#### Task objective
Using the records below, filter out every line that lacks "Black" and copy the rest.

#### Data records
_ _ _ _ _
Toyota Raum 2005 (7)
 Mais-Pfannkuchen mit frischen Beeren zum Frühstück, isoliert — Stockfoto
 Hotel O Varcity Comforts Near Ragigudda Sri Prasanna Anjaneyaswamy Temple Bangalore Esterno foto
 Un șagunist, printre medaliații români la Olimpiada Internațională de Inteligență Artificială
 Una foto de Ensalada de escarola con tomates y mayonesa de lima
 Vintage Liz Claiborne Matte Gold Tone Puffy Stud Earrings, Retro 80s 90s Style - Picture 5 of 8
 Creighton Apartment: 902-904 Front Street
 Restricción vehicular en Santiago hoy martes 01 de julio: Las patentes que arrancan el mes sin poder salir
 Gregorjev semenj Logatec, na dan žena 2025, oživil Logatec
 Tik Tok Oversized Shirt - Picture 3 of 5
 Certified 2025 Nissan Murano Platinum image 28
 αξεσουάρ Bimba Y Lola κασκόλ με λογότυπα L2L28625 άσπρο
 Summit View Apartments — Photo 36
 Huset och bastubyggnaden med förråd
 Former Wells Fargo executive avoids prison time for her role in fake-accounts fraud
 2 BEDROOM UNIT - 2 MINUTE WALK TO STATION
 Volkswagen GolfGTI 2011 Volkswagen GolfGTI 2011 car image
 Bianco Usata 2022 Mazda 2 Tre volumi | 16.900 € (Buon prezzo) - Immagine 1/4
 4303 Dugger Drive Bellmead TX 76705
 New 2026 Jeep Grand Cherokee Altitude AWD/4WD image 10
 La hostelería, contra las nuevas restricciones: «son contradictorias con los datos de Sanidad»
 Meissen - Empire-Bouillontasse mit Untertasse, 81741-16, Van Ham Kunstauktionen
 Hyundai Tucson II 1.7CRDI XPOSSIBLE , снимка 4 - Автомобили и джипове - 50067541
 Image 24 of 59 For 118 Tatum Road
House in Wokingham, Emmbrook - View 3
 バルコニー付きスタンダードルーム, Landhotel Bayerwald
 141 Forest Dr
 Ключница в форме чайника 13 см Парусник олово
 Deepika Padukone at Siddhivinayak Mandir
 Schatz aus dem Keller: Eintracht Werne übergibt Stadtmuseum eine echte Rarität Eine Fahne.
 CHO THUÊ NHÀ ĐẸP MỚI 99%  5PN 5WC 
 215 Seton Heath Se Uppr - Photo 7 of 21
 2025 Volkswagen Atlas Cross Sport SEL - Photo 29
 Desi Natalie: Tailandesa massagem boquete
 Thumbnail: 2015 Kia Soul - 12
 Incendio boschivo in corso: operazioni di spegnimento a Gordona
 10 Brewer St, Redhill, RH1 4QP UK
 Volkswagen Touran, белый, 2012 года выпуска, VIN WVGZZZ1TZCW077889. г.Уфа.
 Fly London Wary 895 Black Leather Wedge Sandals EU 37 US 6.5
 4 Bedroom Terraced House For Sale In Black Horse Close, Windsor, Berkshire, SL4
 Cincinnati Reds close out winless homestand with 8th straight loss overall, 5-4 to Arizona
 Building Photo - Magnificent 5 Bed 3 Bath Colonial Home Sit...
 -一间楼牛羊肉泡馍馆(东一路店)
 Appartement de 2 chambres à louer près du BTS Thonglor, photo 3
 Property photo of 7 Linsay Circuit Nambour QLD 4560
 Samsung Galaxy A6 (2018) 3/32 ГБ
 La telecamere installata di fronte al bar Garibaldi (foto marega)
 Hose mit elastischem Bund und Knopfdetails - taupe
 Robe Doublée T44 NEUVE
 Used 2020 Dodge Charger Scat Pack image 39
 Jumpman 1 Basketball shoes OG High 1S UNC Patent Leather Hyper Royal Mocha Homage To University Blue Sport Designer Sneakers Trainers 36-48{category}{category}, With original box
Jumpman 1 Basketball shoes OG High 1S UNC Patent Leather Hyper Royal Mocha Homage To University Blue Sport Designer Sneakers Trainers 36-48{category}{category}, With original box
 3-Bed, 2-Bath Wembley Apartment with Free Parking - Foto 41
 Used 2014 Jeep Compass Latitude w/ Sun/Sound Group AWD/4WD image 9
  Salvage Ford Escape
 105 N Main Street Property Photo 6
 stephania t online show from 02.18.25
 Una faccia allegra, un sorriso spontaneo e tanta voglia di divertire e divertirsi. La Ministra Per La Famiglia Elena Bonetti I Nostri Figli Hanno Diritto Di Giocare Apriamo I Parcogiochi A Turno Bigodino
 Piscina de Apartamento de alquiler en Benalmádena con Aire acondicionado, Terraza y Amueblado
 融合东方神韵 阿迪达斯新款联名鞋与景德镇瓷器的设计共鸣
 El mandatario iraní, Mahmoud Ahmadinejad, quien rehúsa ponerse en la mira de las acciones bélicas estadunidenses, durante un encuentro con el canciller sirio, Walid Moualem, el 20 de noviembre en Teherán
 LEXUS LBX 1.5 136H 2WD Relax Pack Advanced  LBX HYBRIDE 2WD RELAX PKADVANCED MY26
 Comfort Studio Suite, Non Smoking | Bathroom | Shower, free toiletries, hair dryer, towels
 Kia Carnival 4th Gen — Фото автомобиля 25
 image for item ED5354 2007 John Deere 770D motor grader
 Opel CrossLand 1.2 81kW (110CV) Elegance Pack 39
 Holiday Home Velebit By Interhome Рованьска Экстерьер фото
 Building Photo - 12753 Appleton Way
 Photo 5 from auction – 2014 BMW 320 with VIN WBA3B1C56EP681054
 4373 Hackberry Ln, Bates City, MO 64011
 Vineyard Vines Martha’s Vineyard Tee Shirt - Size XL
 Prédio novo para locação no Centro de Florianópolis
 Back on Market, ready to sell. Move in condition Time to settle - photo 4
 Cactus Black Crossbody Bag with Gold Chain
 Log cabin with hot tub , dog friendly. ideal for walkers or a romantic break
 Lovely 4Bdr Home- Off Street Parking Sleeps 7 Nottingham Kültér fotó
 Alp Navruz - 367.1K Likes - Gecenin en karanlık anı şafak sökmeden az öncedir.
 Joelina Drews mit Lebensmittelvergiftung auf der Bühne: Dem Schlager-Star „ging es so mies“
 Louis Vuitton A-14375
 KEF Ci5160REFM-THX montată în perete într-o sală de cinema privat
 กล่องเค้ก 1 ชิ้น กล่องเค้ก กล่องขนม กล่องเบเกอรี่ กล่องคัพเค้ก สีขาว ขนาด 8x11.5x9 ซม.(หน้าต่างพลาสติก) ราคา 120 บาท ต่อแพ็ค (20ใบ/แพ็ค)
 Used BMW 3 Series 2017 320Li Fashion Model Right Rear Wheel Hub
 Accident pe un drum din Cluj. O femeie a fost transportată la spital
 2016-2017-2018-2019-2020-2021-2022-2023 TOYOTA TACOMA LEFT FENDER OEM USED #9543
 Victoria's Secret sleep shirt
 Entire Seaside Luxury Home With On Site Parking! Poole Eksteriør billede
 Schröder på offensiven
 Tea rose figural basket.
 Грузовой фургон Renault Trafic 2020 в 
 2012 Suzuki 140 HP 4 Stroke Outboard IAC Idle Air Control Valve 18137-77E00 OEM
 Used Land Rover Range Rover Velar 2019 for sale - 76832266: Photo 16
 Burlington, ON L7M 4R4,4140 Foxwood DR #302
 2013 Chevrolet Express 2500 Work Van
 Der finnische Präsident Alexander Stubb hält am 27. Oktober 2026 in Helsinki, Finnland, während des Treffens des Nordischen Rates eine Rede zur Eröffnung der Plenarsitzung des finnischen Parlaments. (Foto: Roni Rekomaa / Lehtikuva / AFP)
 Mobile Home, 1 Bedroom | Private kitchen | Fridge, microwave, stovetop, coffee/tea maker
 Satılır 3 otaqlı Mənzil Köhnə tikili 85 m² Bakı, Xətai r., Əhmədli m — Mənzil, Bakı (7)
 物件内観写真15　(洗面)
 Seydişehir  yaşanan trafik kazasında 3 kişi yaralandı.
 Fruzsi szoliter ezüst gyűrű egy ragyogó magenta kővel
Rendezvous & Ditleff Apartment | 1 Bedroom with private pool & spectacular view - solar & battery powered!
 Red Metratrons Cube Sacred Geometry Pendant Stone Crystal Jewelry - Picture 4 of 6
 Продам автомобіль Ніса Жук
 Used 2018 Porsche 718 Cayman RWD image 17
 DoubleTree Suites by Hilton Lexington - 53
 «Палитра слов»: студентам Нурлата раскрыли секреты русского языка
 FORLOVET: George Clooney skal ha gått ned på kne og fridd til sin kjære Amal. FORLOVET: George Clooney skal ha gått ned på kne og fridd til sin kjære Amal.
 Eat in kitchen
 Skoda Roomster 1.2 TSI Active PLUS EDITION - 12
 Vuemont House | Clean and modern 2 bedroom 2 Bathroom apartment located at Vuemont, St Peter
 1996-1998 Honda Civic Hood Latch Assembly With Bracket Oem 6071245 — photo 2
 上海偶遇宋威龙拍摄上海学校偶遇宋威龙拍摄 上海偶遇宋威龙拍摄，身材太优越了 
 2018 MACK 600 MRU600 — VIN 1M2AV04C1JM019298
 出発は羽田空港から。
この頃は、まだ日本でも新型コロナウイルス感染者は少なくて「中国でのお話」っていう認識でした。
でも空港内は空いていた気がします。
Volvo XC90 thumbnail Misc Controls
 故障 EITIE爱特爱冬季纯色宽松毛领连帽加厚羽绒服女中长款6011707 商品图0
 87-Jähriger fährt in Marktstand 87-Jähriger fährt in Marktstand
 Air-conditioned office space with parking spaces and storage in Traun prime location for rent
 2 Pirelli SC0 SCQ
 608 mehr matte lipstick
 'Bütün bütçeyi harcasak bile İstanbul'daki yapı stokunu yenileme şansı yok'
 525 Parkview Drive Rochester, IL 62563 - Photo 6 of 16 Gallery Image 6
_ _ _ _ _
#### Task response
 Fly London Wary 895 Black Leather Wedge Sandals EU 37 US 6.5
 4 Bedroom Terraced House For Sale In Black Horse Close, Windsor, Berkshire, SL4
 Cactus Black Crossbody Bag with Gold Chain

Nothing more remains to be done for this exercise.